Wie durch Medienberichte seit 2017 bekannt ist, hat bereits 2004 eine V-Person des nordrhein-westfälischen Landeskriminalamts (LKA) auf einen Düsseldorfer Neonazi aus dem Umfeld des Angeklagten Ralf S. als möglichen Mitwisser des Anschlags hingewiesen. Der Anschlag soll demnach von Neonazis aus Ostdeutschland verübt worden sein, unter Mithilfe lokaler Unterstützer:innen aus der hiesigen extrem rechten Szene. Damals wurde diesem Hinweis nur unzureichend nachgegangen. Was die Polizei 2004 nicht wusste und erst 2012 erfuhr: Dieser als Mitwisser verdächtigte Neonazi, André M., war unter dem Decknamen „Apollo“ zeitweise für den nordrhein-westfälischen Verfassungsschutz tätig. Als der Verfassungsschutz die Polizei nach Jahren des Schweigens über seinen Spitzel informierte, behaupteten die Geheimdienst-Vertreter:innen, „Apollo“ habe ihnen zum Anschlag keine Informationen zu liefern vermocht, und zum Tatzeitpunkt sei die Zusammenarbeit mit ihm bereits beendet gewesen. Zeitgleich lieferte der Verfassungsschutz ein Alibi für „Apollo“: Ausgerechnet am Mittag des 27. Juli 2000, dem Tag des Anschlages, will sein ehemaliger V-Mann-Führer ihn getroffen haben. Warum?
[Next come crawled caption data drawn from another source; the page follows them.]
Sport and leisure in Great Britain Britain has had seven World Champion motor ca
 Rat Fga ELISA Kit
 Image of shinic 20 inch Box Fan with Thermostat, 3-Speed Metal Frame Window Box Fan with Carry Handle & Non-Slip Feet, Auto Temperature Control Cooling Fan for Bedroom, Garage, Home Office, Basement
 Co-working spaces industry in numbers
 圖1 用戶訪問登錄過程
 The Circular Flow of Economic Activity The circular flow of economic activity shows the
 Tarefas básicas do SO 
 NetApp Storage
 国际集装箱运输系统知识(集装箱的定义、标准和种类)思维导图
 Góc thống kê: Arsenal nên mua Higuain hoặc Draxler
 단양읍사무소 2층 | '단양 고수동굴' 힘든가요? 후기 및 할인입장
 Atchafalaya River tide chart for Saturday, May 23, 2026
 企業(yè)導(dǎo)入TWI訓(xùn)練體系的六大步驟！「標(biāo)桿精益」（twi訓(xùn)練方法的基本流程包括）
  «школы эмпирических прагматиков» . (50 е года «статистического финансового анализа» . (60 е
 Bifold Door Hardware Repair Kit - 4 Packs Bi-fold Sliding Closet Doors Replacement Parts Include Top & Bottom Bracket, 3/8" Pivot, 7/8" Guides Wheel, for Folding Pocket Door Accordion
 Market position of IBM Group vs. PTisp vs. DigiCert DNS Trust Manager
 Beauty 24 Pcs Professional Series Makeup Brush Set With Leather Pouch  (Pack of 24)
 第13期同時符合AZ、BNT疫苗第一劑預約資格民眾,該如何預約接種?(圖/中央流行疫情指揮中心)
Weder im Prozess am Landgericht Düsseldorf noch im NSU-Untersuchungsausschuss konnte die Rolle des Verfassungsschutzes aufgeklärt werden. Auch wurde nicht nach der als zuverlässig geltenden V-Person des LKA gefragt, die 2004 den Hinweis auf André M. gab. Weder wurde die V-Person selbst, noch die sie betreuenden Polizeibeamt:innen befragt. 2. Was wusste die Neonazi-Szene?

Vor Gericht wurde bekannt, dass die Ermittler:innen bereits unmittelbar nach dem Anschlag das Telefon des Verdächtigen Ralf S. abhörten. Sie schnitten damals auch Gespräche mit, in denen der später Angeklagte in freundschaftlichem Ton mit bundesweit vernetzten Neonazis über den Anschlag und die Ermittlungen gegen sich sprach. Obwohl die Telefonpartner:innen spätestens nach den Hintergrund-Recherchen von NSU-Watch NRW eindeutig benannt werden konnten, blieben diese Hintergründe zur Einbettung des Tatverdächtigen in extrem rechte Strukturen ungenutzt. Und das, obwohl einige der Kontaktpersonen dem erweiterten Umfeld des „Nationalsozialistischen Untergrundes“ (NSU) zuzurechnen sind.

Die Strafkammer des Landgerichts Düsseldorf stellte zwar in ihrer Freispruch-Begründung fest, dass Ralf S. ein Rassist, Antisemit und – auf lokaler Ebene zumindest am Rande – Teil neonazistischer „Kameradschaften“-Strukturen gewesen sei, tiefergehende Ermittlungen fanden aber diesbezüglich nicht statt.“

Untersuchungsausschuss, jetzt!

„Was wusste die lokale und darüber hinaus vernetzte Neonazi-Szene über den Anschlag und den Verdächtigen Ralf S.?“, fragt die Initiative NSU-Watch NRW: „Wer hier nicht mindestens nachfragt und die Widersprüche in den Aussagen von Neonazis aufgreift und prüft, kann kaum behaupten, alle Spuren ausermittelt zu haben.“

Sprecherin Maria Breczinski ergänzt diesen Eindruck: „Wenn darüber hinaus nicht ein einziges Mal dem Verfassungsschutz und dem LKA zu deren V-Personen-Praxis und Geheimdienstwissen über den Anschlag auf den Zahn gefühlt wurde, kann von Aufklärungsbemühen keine Rede sein. Vielmehr können wir gut begründet vermuten: Der Verfassungsschutz wäre in der Lage, Erkenntnisse beizusteuern!“

Kein Wunder also, dass es aus Sicht von „NSU Watch NRW“ zwingend notwendig ist, dass sich endlich ein parlamentarischer Untersuchungsausschuss dem Behördenhandeln im Zusammenhang mit dem Wehrhahn-Anschlag widmet.